EXTRACTED ENTRIES ::

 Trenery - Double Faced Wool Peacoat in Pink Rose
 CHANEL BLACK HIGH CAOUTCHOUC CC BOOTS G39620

* * *

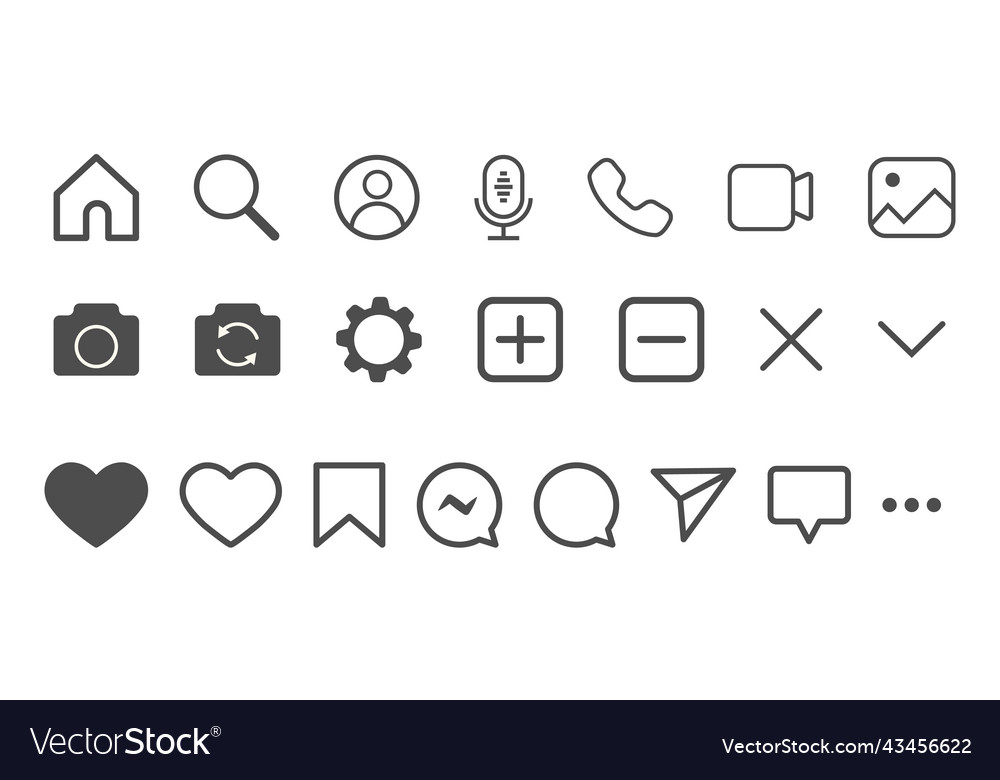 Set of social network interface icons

WHAT TO DO :: Among the lines above, find the one with "Trenery - Double" and the one with "CHANEL BLACK HIGH CAOUTCHOUC CC BOOTS G39620". Quote both and everything between them, exactly.

RESULT OF THIS EXERCISE ::
 Trenery - Double Faced Wool Peacoat in Pink Rose
 CHANEL BLACK HIGH CAOUTCHOUC CC BOOTS G39620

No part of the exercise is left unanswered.